There was a lot of suspicion it was the old deputies who didn’t want the former chief minister to get elected again. And it worked, Eugene, because when he saw what was going on he withdrew his name. But there was a hustings meeting already arranged, where the public weren’t allowed to ask any questions, so it could have been one candidate talking to himself, eh?
Then again, I suppose at least no one would answer back, eh?
But then a funny thing happened, because when the hustings were held the advocate was allowed to speak as well, even though he wasn’t eligible, and the next day the new States met they agreed to change the rules, the advocate got proposed, and he ended up as chief minister. Old Jack said his dad used to say there’s only two sorts who know how to get round the law, criminals and advocates. Caw, I don’t know if he can say that now we’ve got a lawyer as a chief minister, eh?
Mind you, the former chief minister didn’t help himself by saying how he’d gone round the world and made friends with important UK politicians, because it doesn’t seem to have done much good, mon viaer. When you look at how the UK’s treated Guernsey lately, hang, with friends like that you don’t need bloney enemies, that’s for sure.

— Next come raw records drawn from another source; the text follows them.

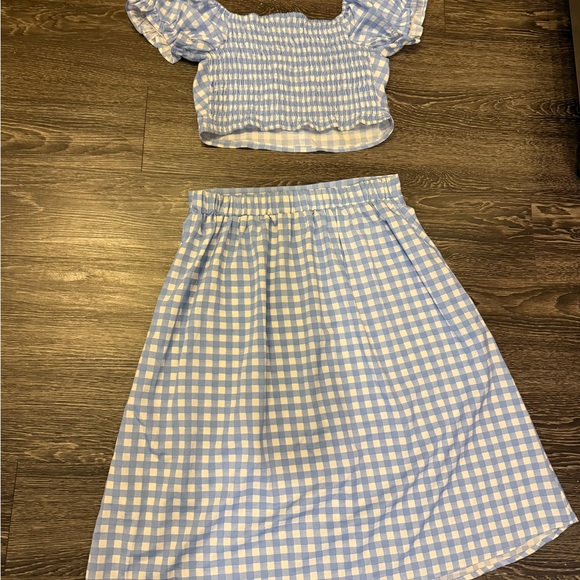 Blue and White Gingham Two-Piece Set - Picture 10 of 11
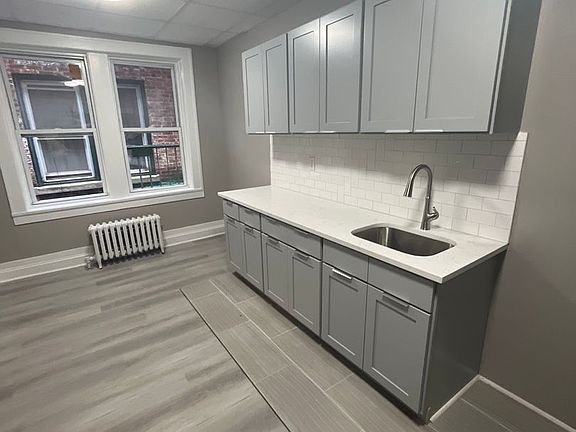 3rd image of 410 Watchung Ave #412-07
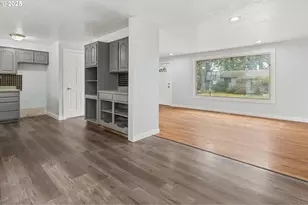 1203 NE 190th Pl, Portland, OR 97230 - Photo 18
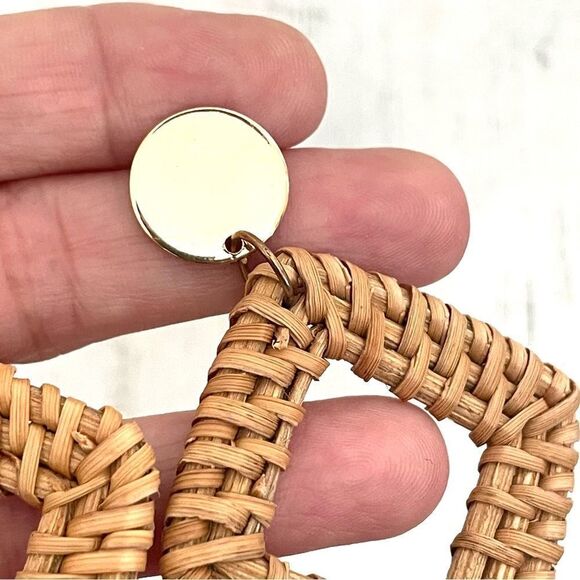 Tan and gold tone square statement earrings - Picture 7 of 10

I told you the UK stopped all those VAT-free imports from the Channel Islands, but they didn’t stop them from anywhere else, eh? Well, now it seems goods from Guernsey are being piled up in a warehouse at Heathrow and kept until the UK customs can check they’re all legal. There’s things been sent to England for repair delayed for weeks because their border agency want loads of documents and paperwork before they’ll release the goods. It seems to me that’s deliberate, Eugene, and I was thinking, me, the Guernsey Post is still collecting the VAT on behalf of the UK government, so perhaps it should collect up all the cash and send it in a parcel, then when it gets stuck in a warehouse at Heathrow we’ll see how the UK likes it, eh?
Jack said he used to travel to countries where they wanted loads of paperwork just to cross the border, but a backhander to the right official usually got the rules changed. He said it just needs a person who knows how to get round it, like someone who can get into chief minister’s hustings even though he’s not eligible, eh?

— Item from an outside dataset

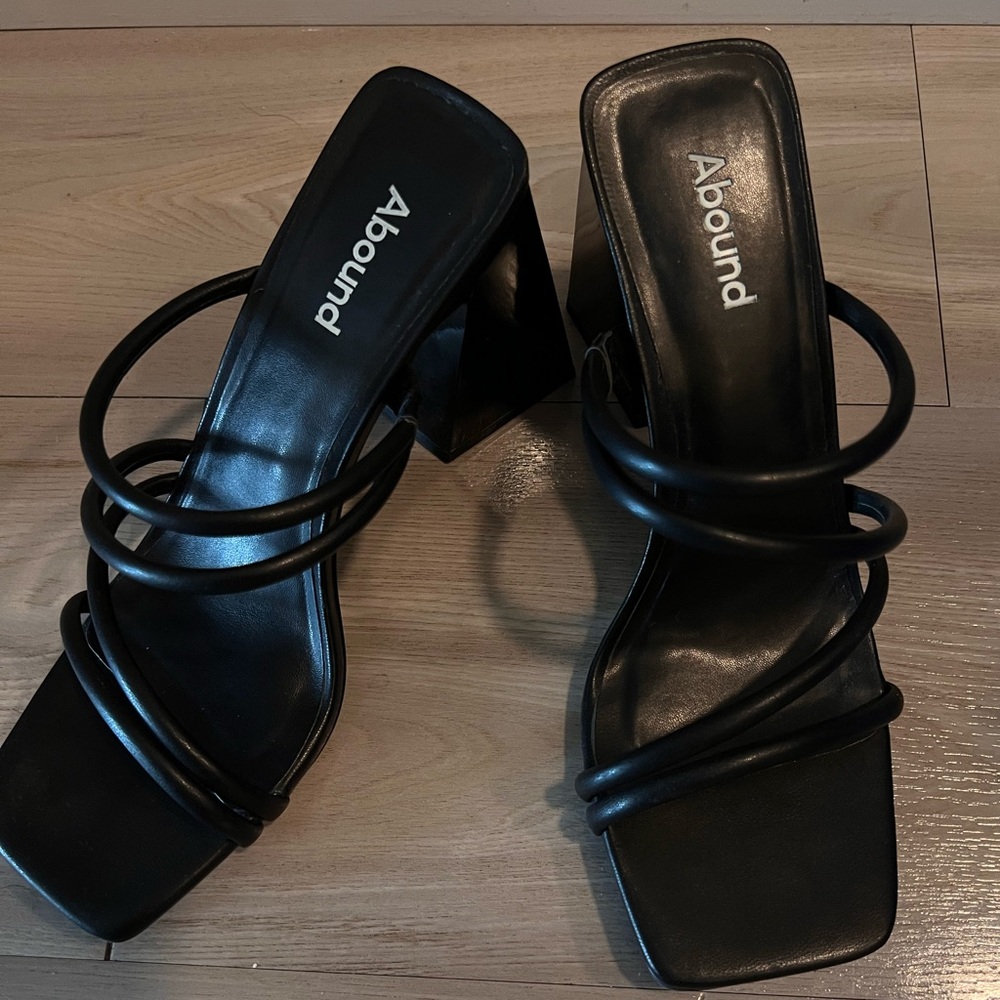 Chunky Heel Sandal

But the thing is, the UK aren’t delaying things sent from other countries, Eugene, it’s just Guernsey, eh? And they’ve done the same with pension schemes, saying only three out of 300 schemes in Guernsey comply with their tax rules. But there’s the same schemes being run in other places and they haven’t said anything about those, eh?
And then last week it was on the Press how the EU has ruled that Guernsey’s zero-10 tax idea isn’t acceptable, but Jersey and the Isle of Man are alright. Caw, when you think, we’ve had to adopt all these laws from the EU, like age discrimination and sex discrimination and all that, it seems to me we need one about country discrimination, eh?
And do you know, that last Treasury minister didn’t stand for election, him, but one of the last things he said was Guernsey shouldn’t rely on its tax advantage. Can you believe that, mon viaer? All the last States did was encourage firms to come here because of it, and the chief minister went round the world telling everyone about it, eh?
But the trouble is, there’s firms closing down and banks laying off staff, and a lot of people out of work now. And with the way the last States treated the small businesses, there’s not much local industry left, eh? I was saying to Jack, they seem to have more idea about expanding their economy up in Alderney, them. After all, they’re already ahead of Guernsey in looking into tidal power, and there was a piece on the Press about them laying a cable link to get electric from France to Alderney, and then putting another cable link to the UK so they can sell it on. That’s a good idea, eh? Perhaps someone should have nominated an Alderney representative for chief minister, Eugene, then if the UK get too heavy-handed they could threaten to turn the electric off, eh?
Bert, from L’Ancresse, he came round last week, and he was saying how the UK wouldn’t even let that marathon runner into their Olympic team, even though he’d run faster than one they’d already selected, eh? They said the rules didn’t allow him in the team.
Mind you, they changed their mind later, so they got round the rules somehow. Jack said perhaps his coach is a Guernsey advocate, eh?
Talking of sport, we’ve been doing well lately, mon viaer, because as well as the runner getting into the Olympics the Guernsey football team got promoted in their league, and the rugby team as well.
Mind you, the Crapauds got promoted as well, them, so I don’t know what will happen in the Siam cup, or the Muratti. Jack was saying some people think rugby is just a lot of people fighting over one thing.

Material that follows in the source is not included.